Depends upon the town or county. I have signed $1.00 a year lease for bee yards in NY. This allowed the land owner to claim that land as ag use and therefore get the deduction on his property taxes. You will need to ask.


----------



## sqkcrk (Dec 10, 2005)

Adam, any idea what the difference is?

How many did you have to locate there? What happens when you discontinue an apiary? Do they lose the exemption?


----------



## txsbman (Oct 4, 2011)

Avalon, the short answer is; yes you can get an ag exemption in Texas. The long answer is that there are several conditions that have to be met; multiple hives, apiary registration....

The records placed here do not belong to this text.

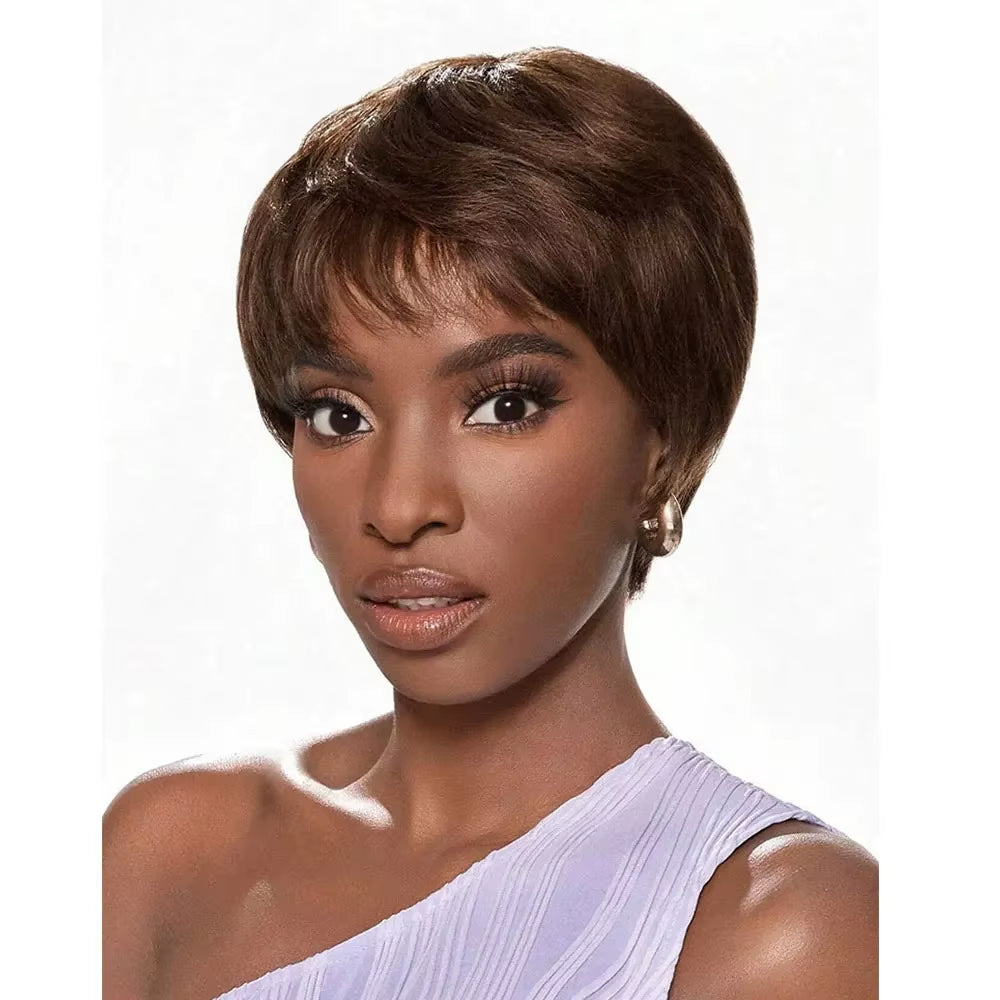 Short Pixie Cut Wig Human Hair Brazilian 100% Human Hair Full Machine Wigs Glueless Pixie Wig with Bangs for Women Natural Black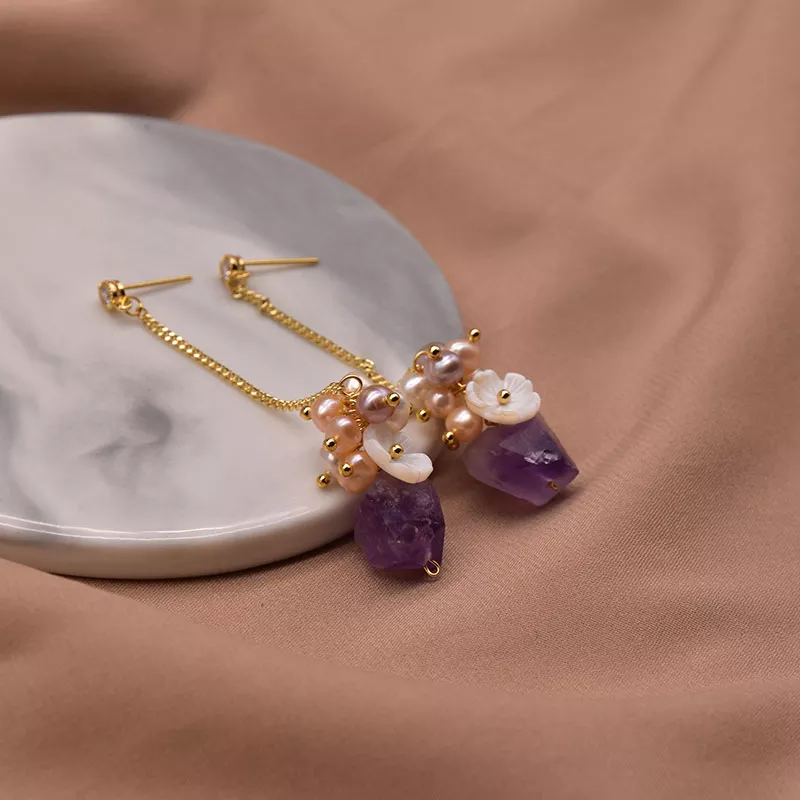 Thumbnail: Elegant Pearls Natural Pearl & Amethyst and mother of pearl Flower Drop Earrings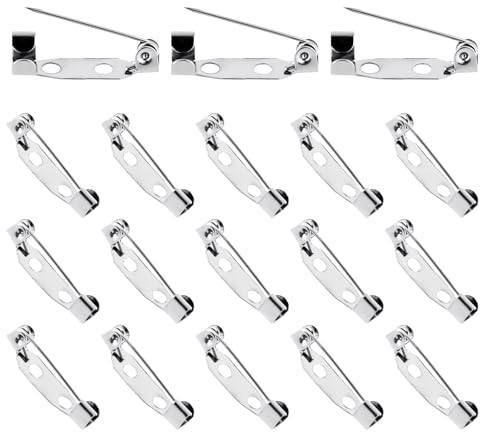 Lot de 120 Épingles à Nourrice Argentées - 20 mm - Épingles de Sûreté en Métal pour Broches, Badges, Corsages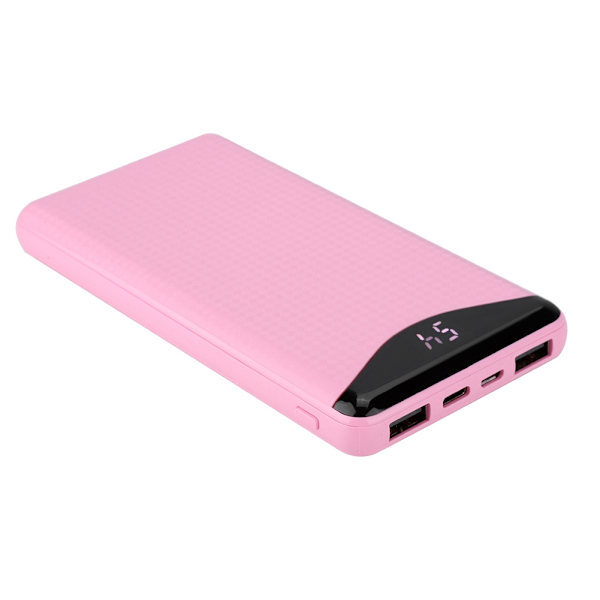 TF-7106 10000mAh Bärbar Digital Skärm Display Typ-C Snabbladdning Powerbank (Rosa)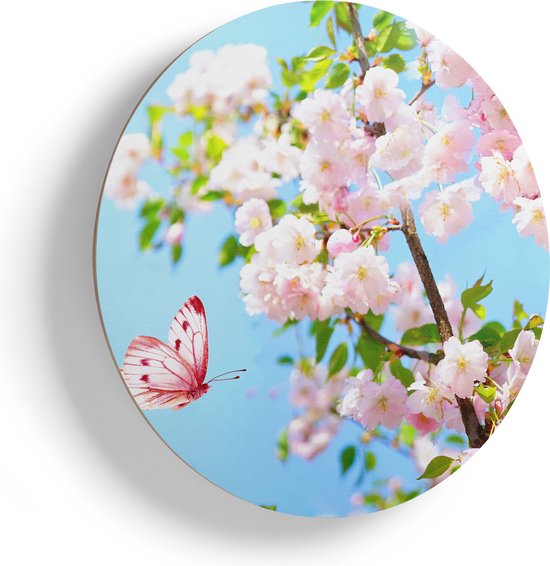 Artaza Houten Muurcirkel - Twee Roze Vlinders Bij Roze Bloesem Bloemen - Ø 70 cm - Multiplex Wandcirkel - Rond Schilderij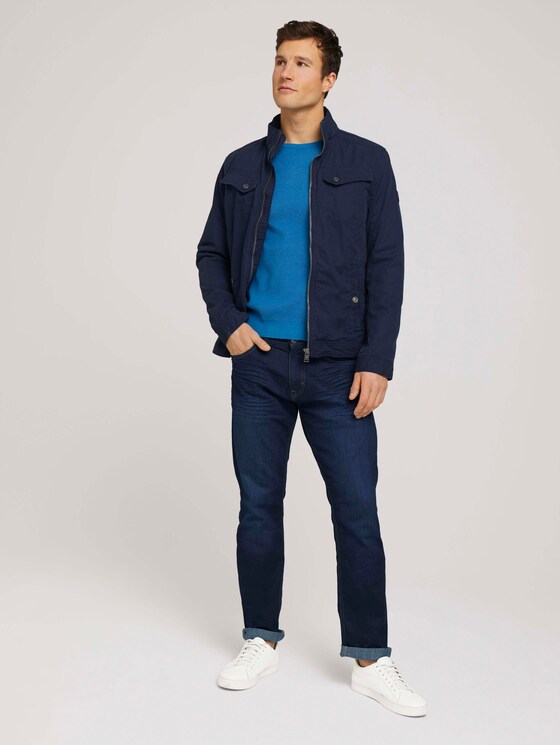 Pullover mit Rippbündchen - Männer - bright ibiza blue Pullover mit Rippbündchen - Männer - bright ibiza blue - 3 - TOM TAILOR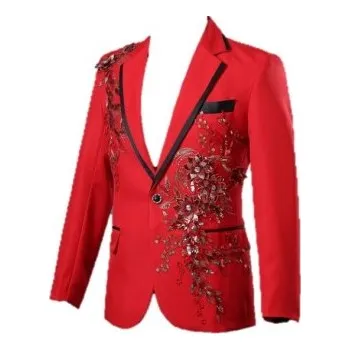 Pánské sako s 3D stříbrnými květinami J2670 červená S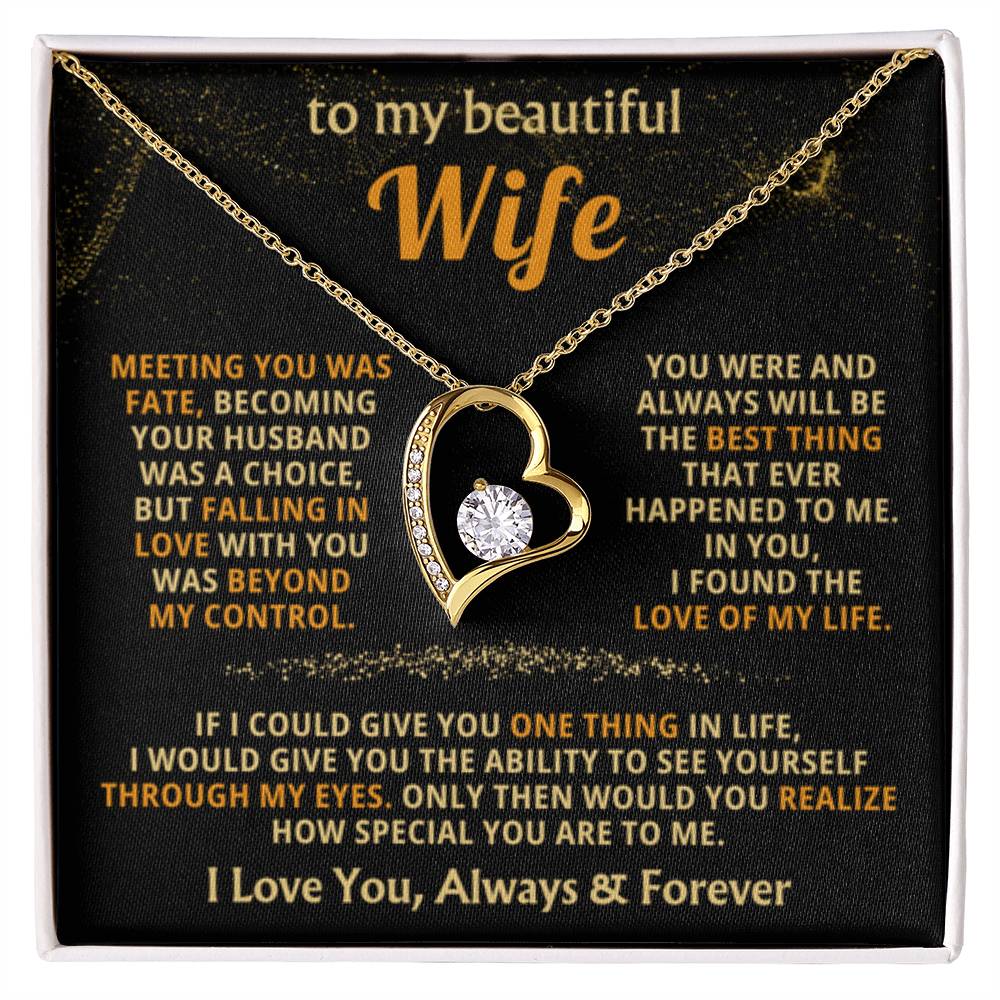 To My Beautiful Wife Necklace - Emotional Love Jewelry Gift from Husband for Valentine’s Day & Birthday Happiness - Forever Love Necklace - Personalize Memories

I did some research on this for the Dino-Bee club in Glen Rose. If you send me your email, I'll send you the materials for Texas ag exemption.

Mike


----------



## Stanisr (Aug 25, 2010)

Check with your county extension agent to find out how many hive you must maintain on your property in order to qualify. If you do you will have to file farm tax showing profit and loss to the IRS. When it is all said and done, it may not be worth it.


----------



## tsk (Nov 26, 2010)

Here's an old thread on this. For WI, the apparent rule is you must have 50 hives. It's obviously going to vary by state. http://www.beesource.com/forums/showthread.php?227764-Property-tax-agricultural-exemption-for-bees


----------



## EastSideBuzz (Apr 12, 2009)

In wa you can do an ag exemption it is the undoing that is the issue. Call your tax man. You also need to show 200$ per acre in gross revenue each year.


----------



## lupester (Mar 12, 2008)

Avalon, here is what the TX apiary inspector says:
http://tais.tamu.edu/newsletter/pdf/August 2011 Newsletter.pdf


----------



## Risky Beesness (Dec 29, 2010)

I spoke to Paul Jackson last year and he told me all the same steps on the phone that mentioned in his article. What I have discovered since then is, there was a bill drafted in the 82nd legislature, but it never made it to the floor. It was later added as an attachment to SB-1 (a budget finance bill) in the special session immediately after the regular session. It was signed by the Gov, and became effective on 1/1/2012. As Paul stated, it is in the Tax code, word for word. The property has to be between 5 and 20 ac. In Texas, 6+ hives is considered an apiary.

The undoing. If you sell the property or change it's use, you are liable for back taxes for the previous 5 years + interest.


----------